Diana Henriques’s Advice to Journalists Seeking to Captivate Their Readers
“In that short scene, Mark Madoff’s tantrum basically summarized five chapters from my book,” Diana Henriques said about the FBI interrogation scene in the HBO film adaptation of her book, The Wizard of Lies: Bernie Madoff and the Death of Trust.
As the first keynote speaker at the Mayborn Literary Nonfiction Conference, Henriques’s speech revealed a startling conclusion: today more and more people have to be entertained to read in the news. However, this gives journalists the wonderful opportunity to explore the world of technology and expand our skill set in telling stories to make journalism more engaging. While it may be disheartening thinking about the fast-paced, consumerist society we live in, it forces us to get creative, get our hands dirty and push the boundaries of storytelling from the inside out.
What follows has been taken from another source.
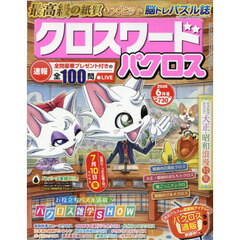 クロスワードパクロス　2026年6月号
Henriques also pointed out that despite writing about financial investigations, Henriques adopts principles of screenwriting for journalism, even looking at weather reports for Washington D.C. to set the scene for the delivery of the Blue Ribbon Commission Report to President Reagan, which is a key event in her account of the 1987 Stock Market Crash. She emphasized the importance of contextual narrative and building the scenes through subtle descriptions of the time and place and through the pace of her writing. Relayed in her keynote speech, Henriques provided essential advice to journalists endeavoring to immerse their readers in their work.
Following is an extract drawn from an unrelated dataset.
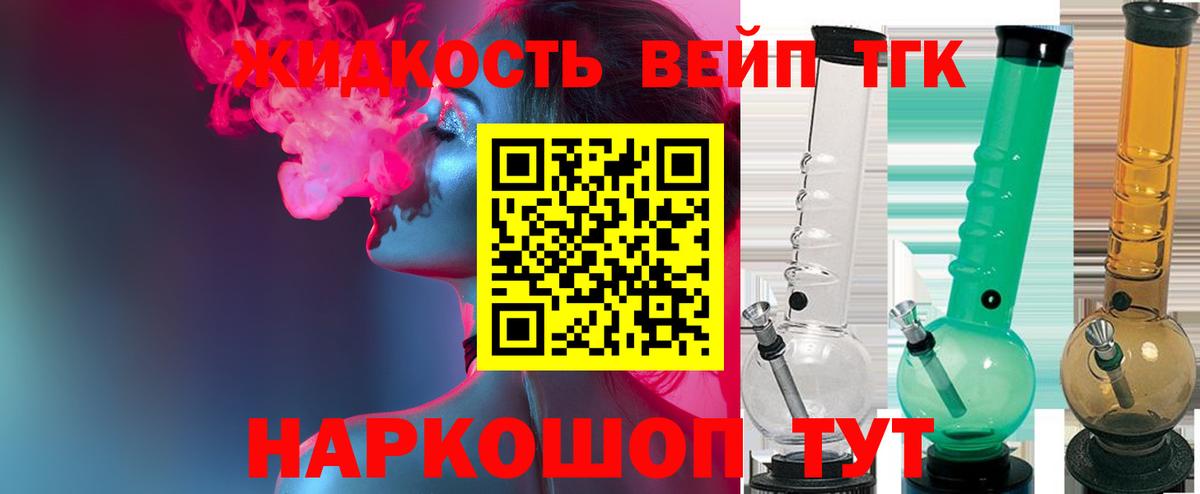 Дистиллят ТГК вейп Майкоп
“Read the pages aloud so the pace doesn’t lag… but
is it the right pace?”
One anecdote she used describes her last-minute rewrite to readjust the pacing of her book A First-Class Catastrophe: The Road to Black Monday, the Worst Day in Wall Street History. When she got the page proofs back to do a final look over and catch the typos, she “was appalled it did not move quickly enough.”
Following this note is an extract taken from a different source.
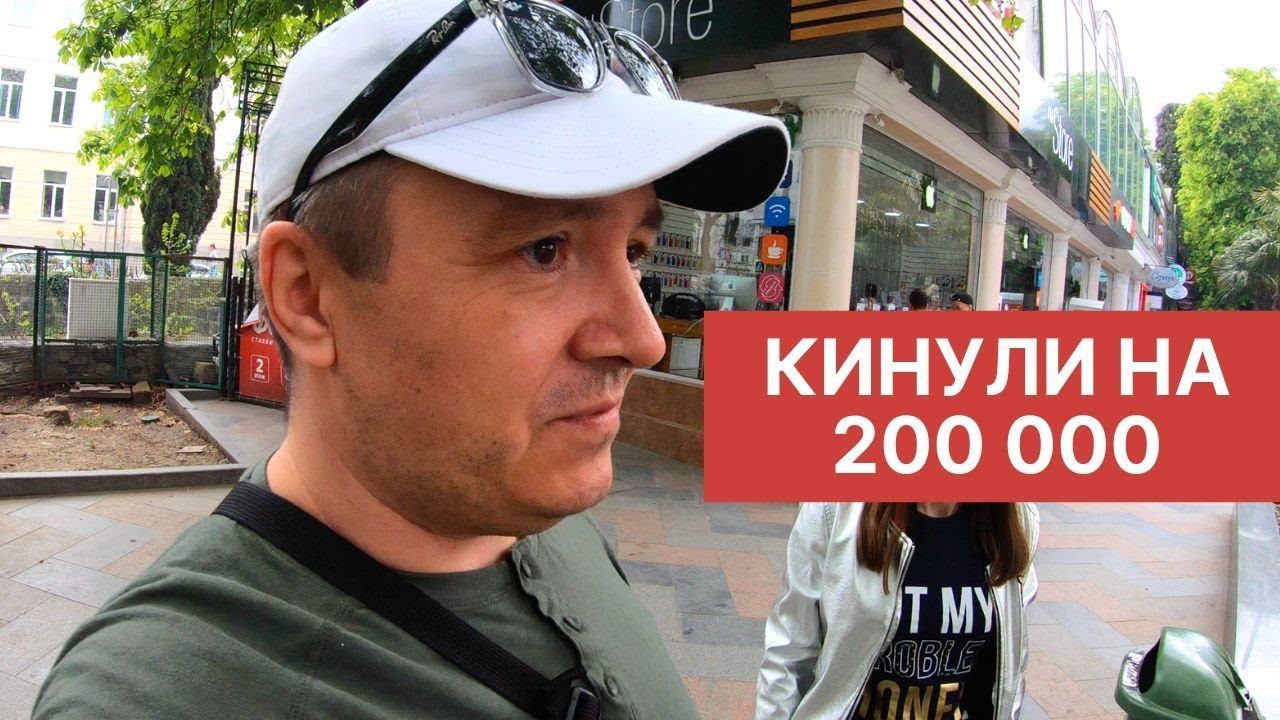 Как я в Ялте ноутбук покупал. (часть 1)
Immediately she called her editor who told her to, “do what you need to do.” She looked to other authors to aid in her revisions and concluded the likeness she most desired was none other than thriller, crime fiction writer, Lee Child.
Page by page, she worked to provide a fresh and invigorating air to her novel. Henriques’s attention to detail when establishing scenes addresses the importance of a succinct and purposeful narrative: to entertain and inform readers.